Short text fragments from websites
______

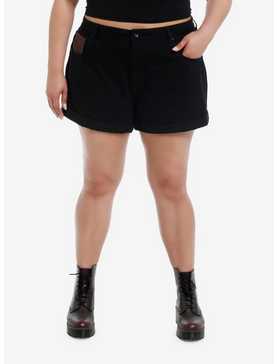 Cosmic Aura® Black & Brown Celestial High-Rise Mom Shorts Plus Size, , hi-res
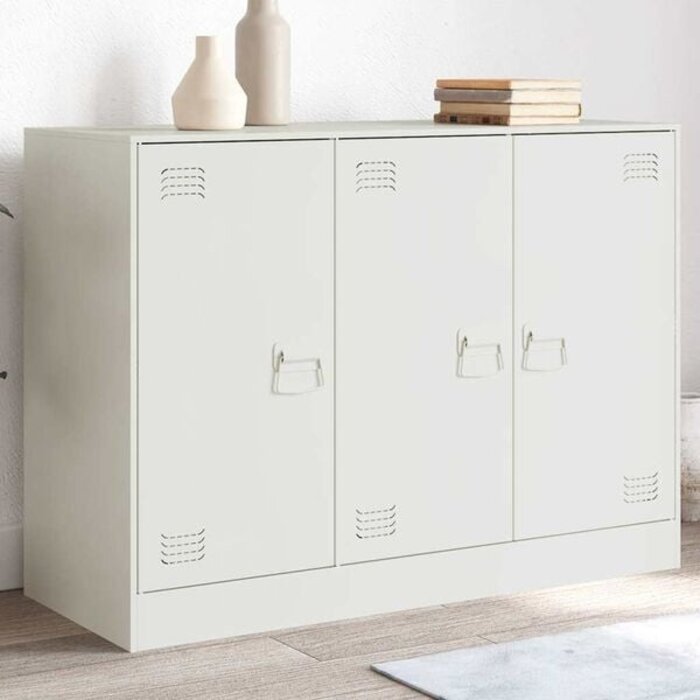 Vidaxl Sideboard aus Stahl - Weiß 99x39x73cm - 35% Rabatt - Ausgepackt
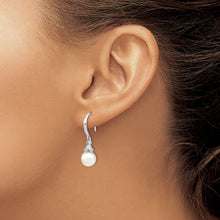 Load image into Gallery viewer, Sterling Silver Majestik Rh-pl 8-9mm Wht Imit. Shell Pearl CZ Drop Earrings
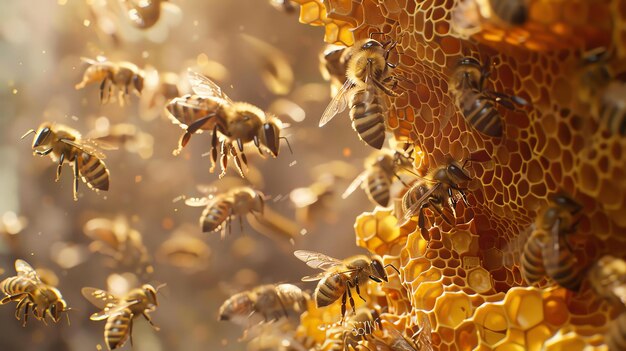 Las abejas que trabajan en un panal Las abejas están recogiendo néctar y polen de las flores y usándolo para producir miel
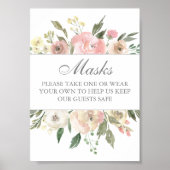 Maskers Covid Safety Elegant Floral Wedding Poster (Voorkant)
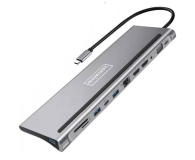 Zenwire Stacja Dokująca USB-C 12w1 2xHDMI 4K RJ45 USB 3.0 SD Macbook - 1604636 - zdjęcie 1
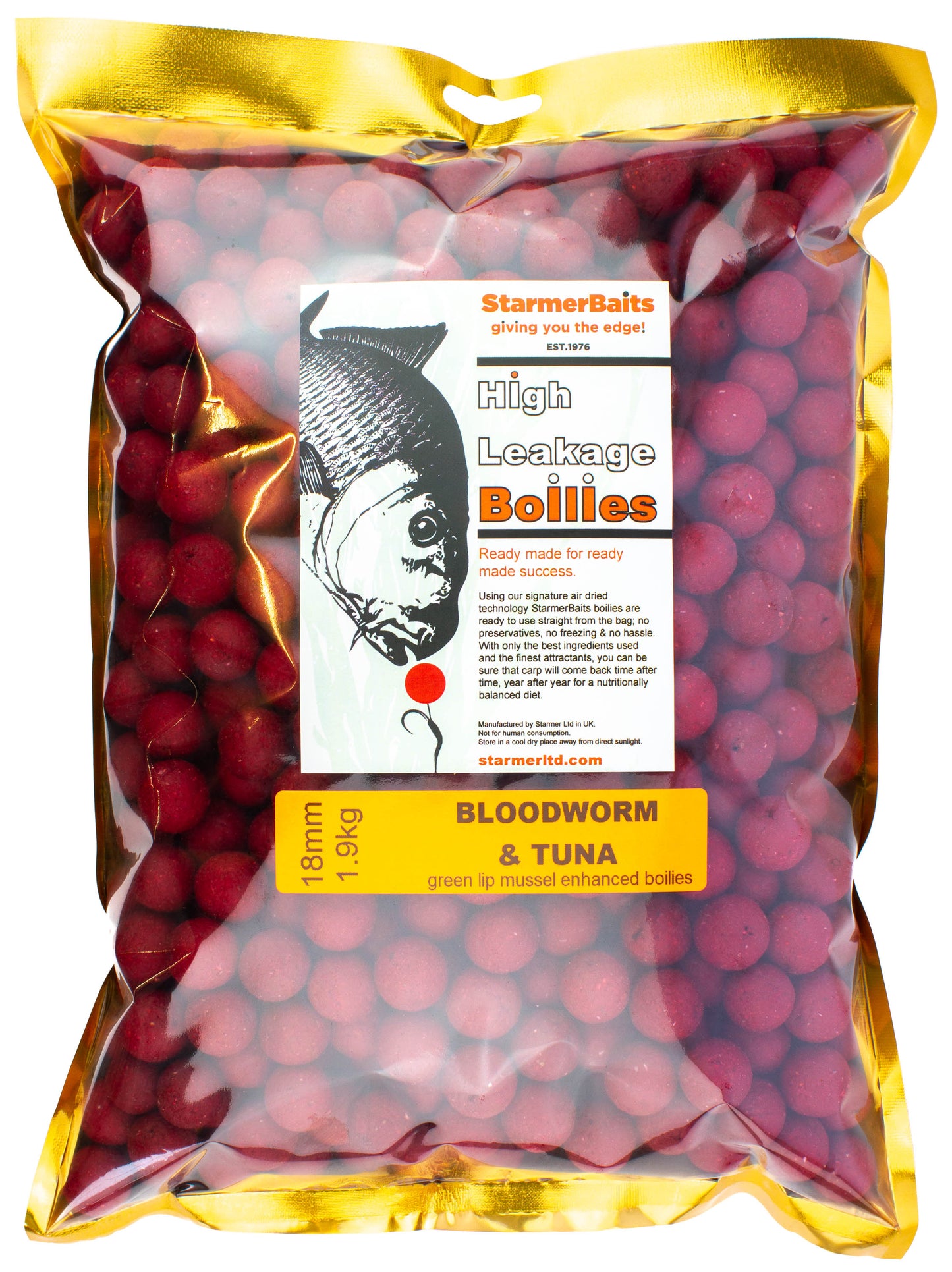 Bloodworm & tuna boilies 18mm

______

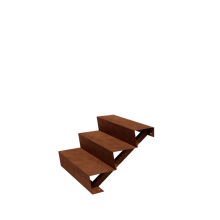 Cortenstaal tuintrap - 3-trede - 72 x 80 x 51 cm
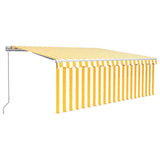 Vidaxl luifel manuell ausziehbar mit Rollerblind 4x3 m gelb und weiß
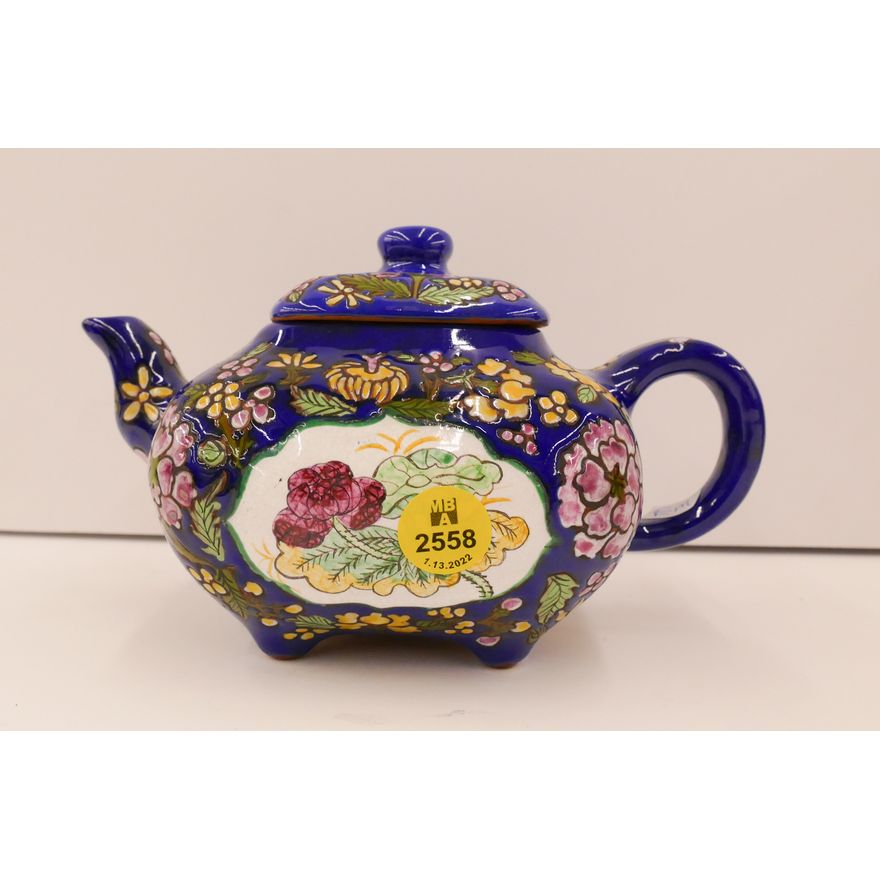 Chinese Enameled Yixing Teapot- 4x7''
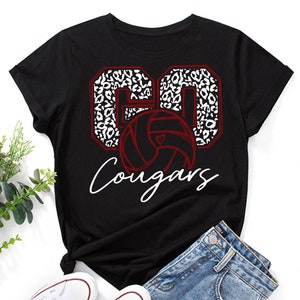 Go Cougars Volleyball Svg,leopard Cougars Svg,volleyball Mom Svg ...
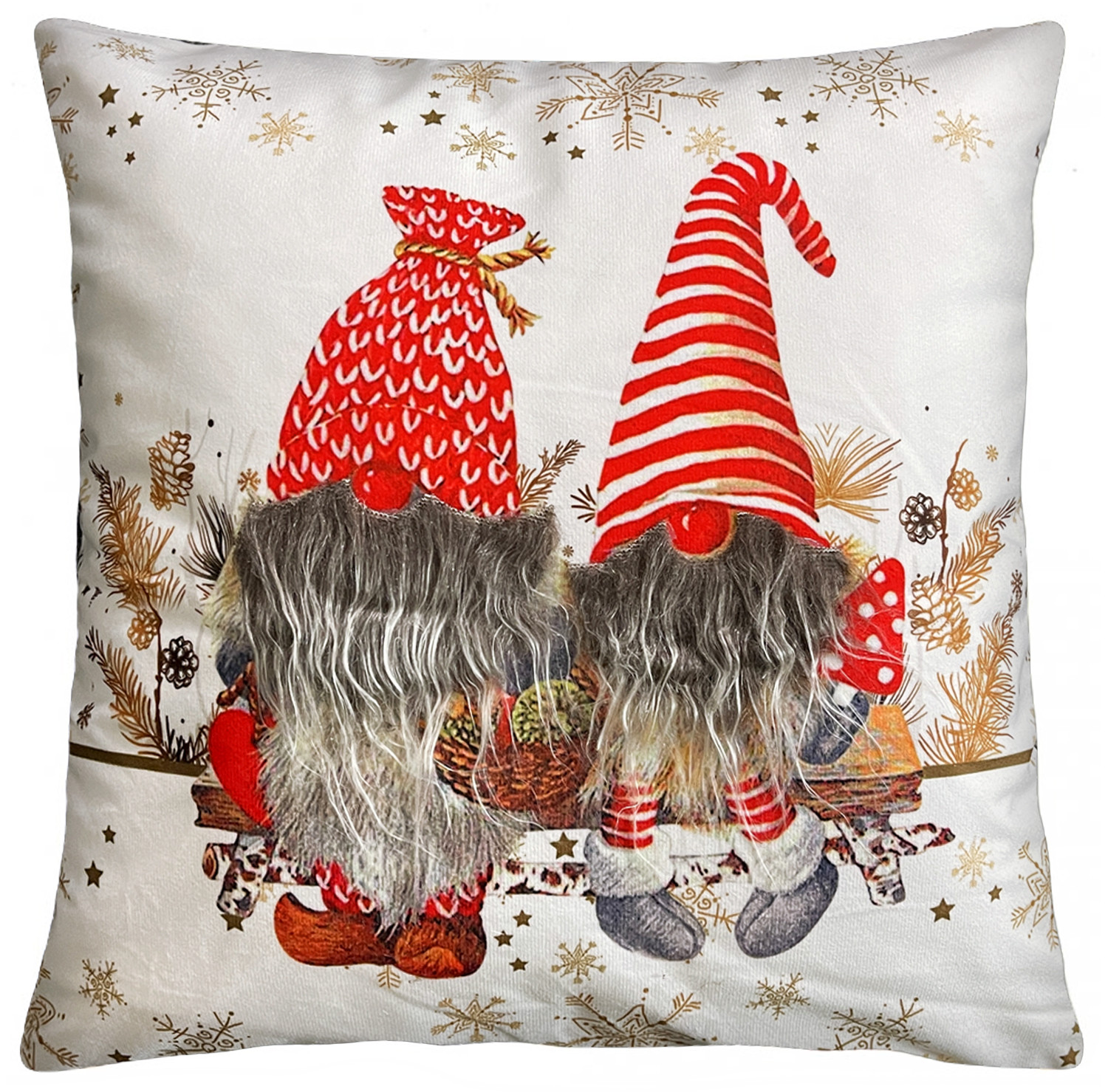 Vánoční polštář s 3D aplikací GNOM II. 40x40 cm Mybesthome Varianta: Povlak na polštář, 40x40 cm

______

**Goal of the exercise**
Find the line with "Vidaxl Sideboard aus" in the entries above. Set down exactly every line from it up to and including the line with "Maskers Covid Safety", images excluded.

**Solution**
 Vidaxl Sideboard aus Stahl - Weiß 99x39x73cm - 35% Rabatt - Ausgepackt
 Load image into Gallery viewer, Sterling Silver Majestik Rh-pl 8-9mm Wht Imit. Shell Pearl CZ Drop Earrings
 Las abejas que trabajan en un panal Las abejas están recogiendo néctar y polen de las flores y usándolo para producir miel
 Maskers Covid Safety Elegant Floral Wedding Poster (Voorkant)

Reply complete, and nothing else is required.